Agricultural developments have very different effects on the locust, with deforestation and overgrazing creating perfect conditions for their colonization, while conversion of grassland into arable crop areas has the opposite effect, since females prefer to lay their eggs into undisturbed soil.

But while these factors are usually ‘in balance’ it can take only small changes to allow locust breeding to explode and for swarms of these insects to rapidly threaten millions of people with starvation and ruin. Rainfall at the wrong time of year, in the wrong area, can have a disastrous effect, and the difficulties inherent in controlling the locust in areas of conflict (for example in the areas contested by the Polisario) can allow things to get out of hand very quickly.

These difficulties were starkly illustrated during 1988, when the Polisario fired SAM-7 surface-to-air missiles at two crop-spraying civilian DC-7s belonging to T&G Aviation, downing one (with the loss of its five-man crew) and damaging the other – mistaking the aircraft for Royal Moroccan Air Force C-130 Hercules.
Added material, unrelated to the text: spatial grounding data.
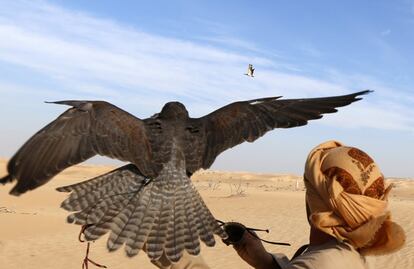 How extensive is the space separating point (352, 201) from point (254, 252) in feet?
1.84

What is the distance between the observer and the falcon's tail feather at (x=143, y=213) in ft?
7.32

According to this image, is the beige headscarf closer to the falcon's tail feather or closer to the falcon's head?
the falcon's tail feather

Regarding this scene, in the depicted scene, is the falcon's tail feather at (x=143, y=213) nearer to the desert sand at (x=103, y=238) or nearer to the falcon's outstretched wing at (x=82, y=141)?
the falcon's outstretched wing at (x=82, y=141)

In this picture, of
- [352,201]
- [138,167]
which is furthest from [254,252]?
[138,167]

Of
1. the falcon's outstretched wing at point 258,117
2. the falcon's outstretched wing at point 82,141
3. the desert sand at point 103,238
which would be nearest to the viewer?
the falcon's outstretched wing at point 82,141

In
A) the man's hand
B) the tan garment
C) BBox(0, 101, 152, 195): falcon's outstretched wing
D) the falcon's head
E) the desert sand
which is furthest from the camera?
the desert sand

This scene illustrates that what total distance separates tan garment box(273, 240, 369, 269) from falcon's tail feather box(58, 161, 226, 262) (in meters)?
0.41

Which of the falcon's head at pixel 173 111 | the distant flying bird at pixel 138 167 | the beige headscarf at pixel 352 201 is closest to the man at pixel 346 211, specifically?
the beige headscarf at pixel 352 201

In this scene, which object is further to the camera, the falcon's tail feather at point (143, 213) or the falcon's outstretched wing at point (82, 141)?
the falcon's outstretched wing at point (82, 141)

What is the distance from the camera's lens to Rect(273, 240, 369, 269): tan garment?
204 cm

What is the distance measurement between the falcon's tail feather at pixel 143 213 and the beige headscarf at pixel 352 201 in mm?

But this places an even higher premium on the speed of reaction afforded by aerial spraying and the RMAF retains a robust anti-locust capability.

The air force showed an Agusta Bell 205 equipped with siomplex tanks in the cabin and outrigger spray bars in the static display at the recent Marrakech show, and flew a spray-equipped C-130H in the flying display – soaking the visiting USAF F-16 on at least one occasion. These and other aircraft stand ready to combat the menace posed by swarms of locusts.